How Isaiah Berlin Revised the “Two Concepts” (A Concluding Philological Postscript)

Having finished my three posts on the exchange of letters between Karl Popper and Isaiah Berlin, I’m ready to reward myself by rolling around in the some of the nGram catnip that I’ve been accumulating. But there’s one bit of unfinished business: a discussion of the differences between the 1958 edition of Berlin’s “Two Concepts of Liberty” and the version that was reprinted, eleven years later, as the third of his Four Essays on Liberty. While, at first glance, this would seem to be a rather tedious topic, it wound up being a good deal more interesting than I’d initially suspected. It has implications both for appreciating some of the challenges that “Two Concepts of Liberty” appears to have posed to its first readers and for understanding how Berlin understood what he was doing in this influential, if sometimes perplexing, essay.

The Two Versions of the Two Concepts

When I began the series of posts on Popper and Berlin I wasn’t at all concerned with the differences between the 1958 and the 1969 versions. Indeed, it didn’t occur to me that there were any. I worked from the 1958 text because — as I explained in my the first post — it’s the one I’ve owned for as long as I’ve been interested in political theory and it was the version Popper cited — by page number — in his letter (the fact that it is smaller and lighter than the Four Essays also had its appeal). But when I teach the essay, I use the 1969 version and several years ago I scanned that version so I could keep it on my iPad and refer to it in class. When I started to work on these posts, it occurred to me that, rather than transcribe the material that I wanted to quote, it would be easier to extract the text from my scan of the 1969 version and then paste it into the word processor I use when writing these posts. But I quickly began to notice that there were differences between what I’d copied and what I was seeing on the page in front of me.

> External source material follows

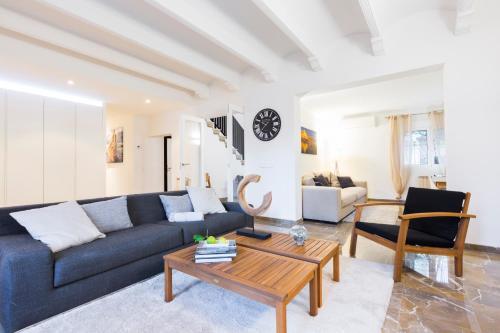Foto de una habitación de Villa Armadans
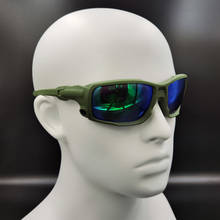 Поляризованные солнцезащитные очки UV400 для мужчин и женщин, для спорта на открытом воздухе, езды на велосипеде, рыбалки, вождения, дорожных велосипедов 2024 - купить недорого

I explain this in order to make it clear that I have not made an exhaustive investigation of the differences between the two versions. Some of the changes that I noticed are simply alternative ways of making the same point. For example, on p. 23 of the 1958 text, Berlin writes,

Cephalus, whom Plato reports as saying that old age alone has liberated him from the passion of love — the yoke of a cruel master — is reporting an experience as real as that of liberation from a human tyrant or slave owner.

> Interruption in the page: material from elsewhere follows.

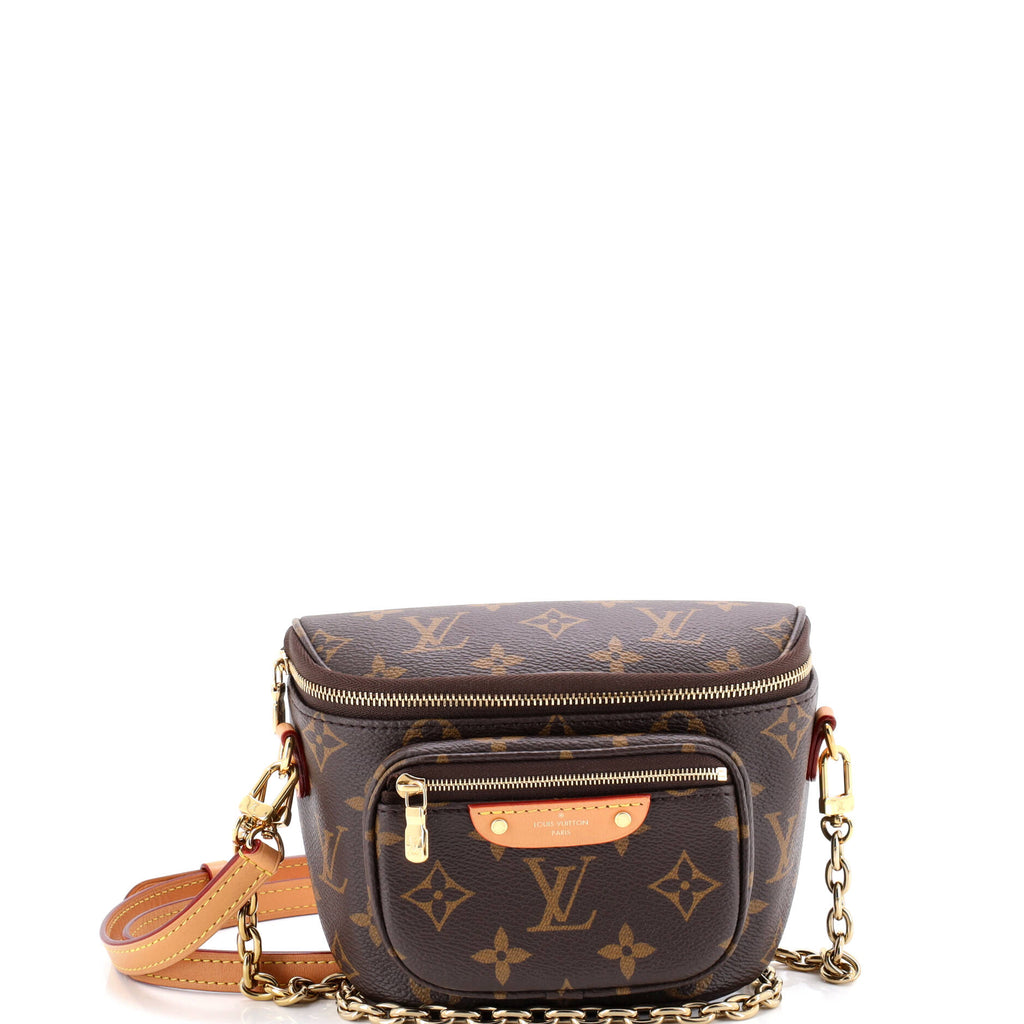 Bum Bag Monogram Canvas Mini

In the 1969 version (p. 138) “Cephalus” is replaced by “Sophocles,” a distinction without a difference since Cephalus — that tedious blowhard and, on this occasion, name-dropper — is recounting something that Sophocles allegedly told him. But a few of the others had implications for the discussion between Berlin and Popper, which was what led me to them in the first place.

Since the “Two Concepts” lecture is generally regarded as Berlin’s most important work, it might be useful for someone to draw up a list of the differences between the two editions (perhaps the Isaiah Berlin Virtual Library might be interested in making such a thing available). But that is not even close to what I am offering here.

I will limit myself to noting three changes.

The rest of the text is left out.